I think we need to start thinking about buying a new home computer. I’m kind of dreading the process and trying to forestall it for as long as possible.
Our current computer has served us long and loyally. It’s stored countless to-do lists, been a repository for family photos, served as a mailbox and news ticker, and been a blogging platform. It’s moved around with us to the point that we don’t really think our household has been established until the computer is hooked up and functional. I’ve watched and rewatched YouTube videos of the Ohio State Buckeyes’ run to the National Championship on it countless times. The keyboard characters have been tapped so often and the mouse clicked so frequently that they’ve acquired a worn, comfortable feel to the fingertips.
We’ve totally lost track of how long we’ve had the computer. Has it been six years? Nine? Longer? We’re really not sure. All we know is that the computer has been a staple of the desktop for as long as we can remember.

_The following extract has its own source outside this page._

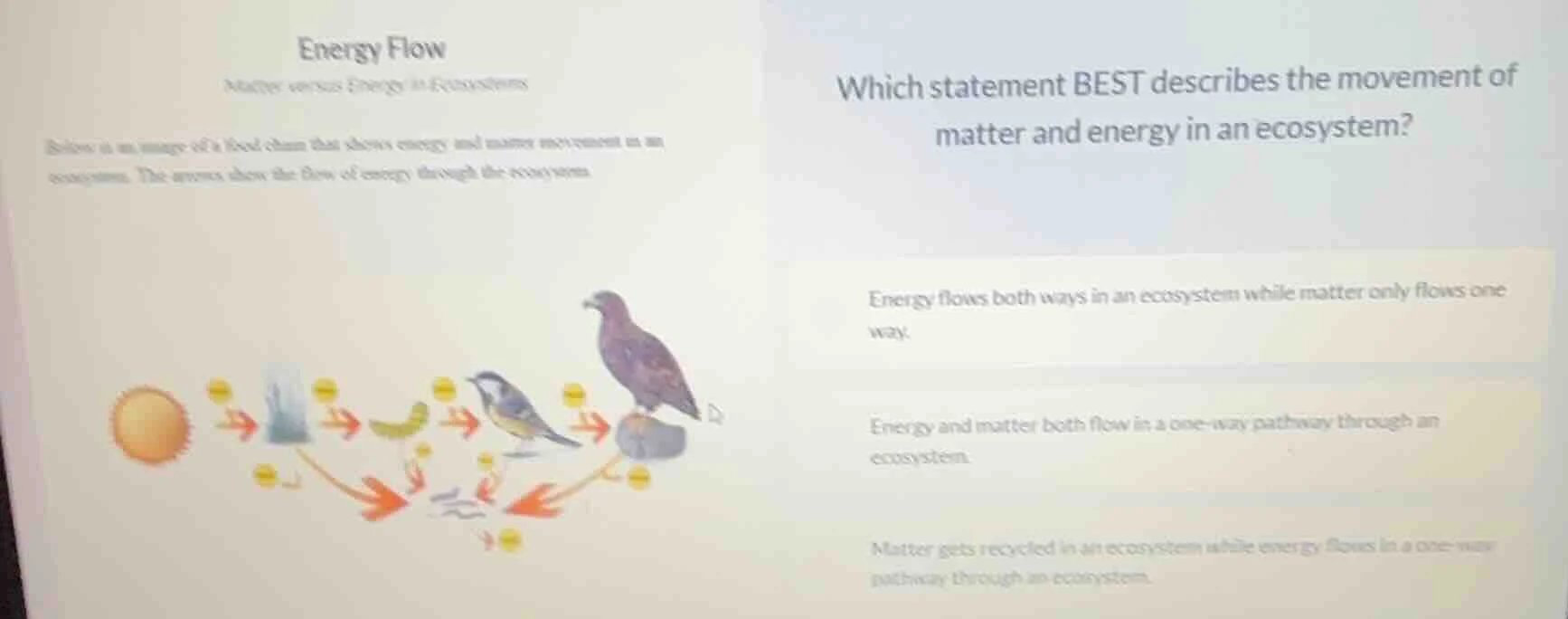 energy flow matter versus energy in ecosystems below is an image of a f…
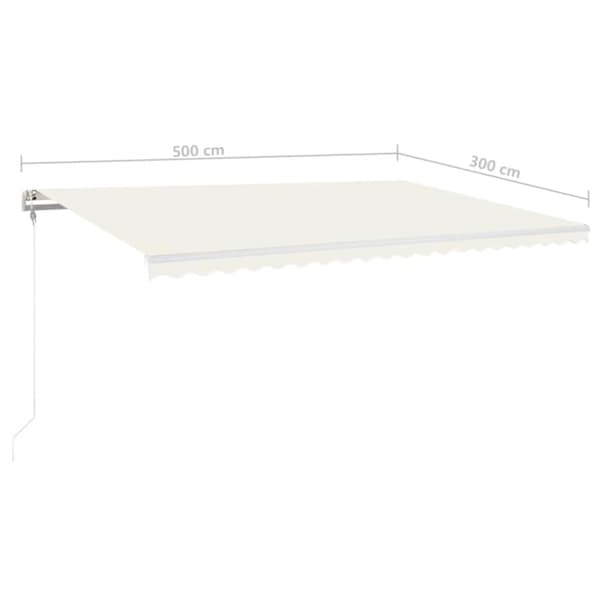 Automatisk markis med vindsensor & LED 500x300 cm gräddvit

But lately we’ve started to have some performance problems with Old Faithful. It’s sputtering and slowing down. That annoying spinning circle, shown as the computer processes commands, seems to spin ever longer and longer. “Force quit” has become a more frequent solution to apparently intractable problems that even the spinning circle can’t resolve. We get more messages about certain programs “not responding.” It’s as if they’re mad at us and have simply decided to give us the silent treatment — even though, so far as we know, we’ve done nothing to provoke such disrespectful treatment.

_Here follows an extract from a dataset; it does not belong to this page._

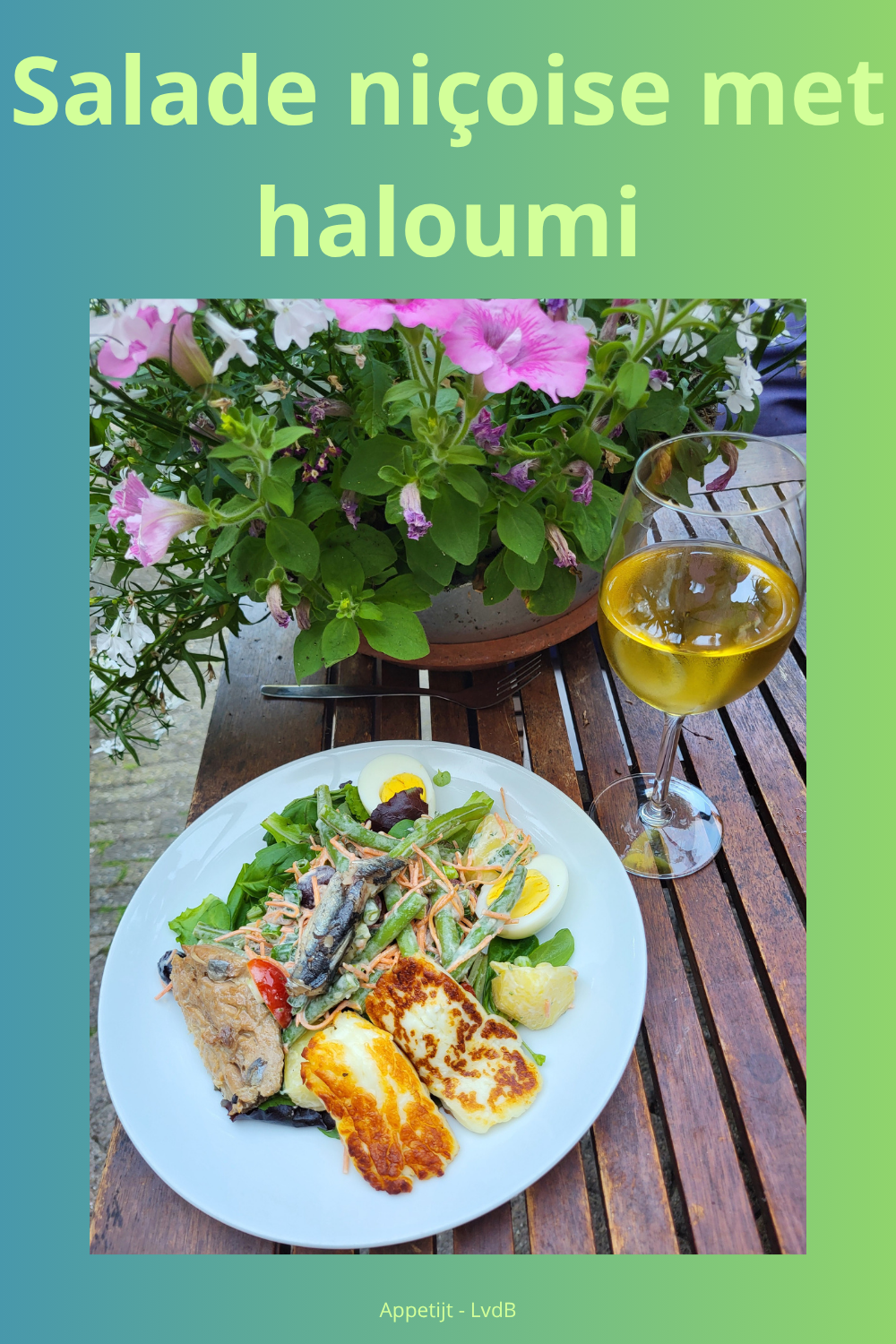 Salade nicoise met haloumi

There’s a certain out-of-touch embarrassment factor to our computer set-up, too. Our techno-nerdy friends who have those razor-blade-thin and ultra-light laptops and tablets, the kind that make even techno-nerds look a little bit cool, laugh at our clunky desktop unit. Once it was cool and cutting edge, now it’s more like relying on an “adding machine.” The ongoing technology revolution waits for no man, and no computer, no matter how faithfully it has performed over years of service.
So we’ll work a new computer into the home budget, and once we’ve saved up we’ll head to the Apple store, look with a lost and vacant expression at the lines of gleaming laptops and desktops and tablets, and hope that one of those bright instruments of the modern era speaks to us. Hey, which of you wants to come home with us and become an important part of the daily pattern of our lives?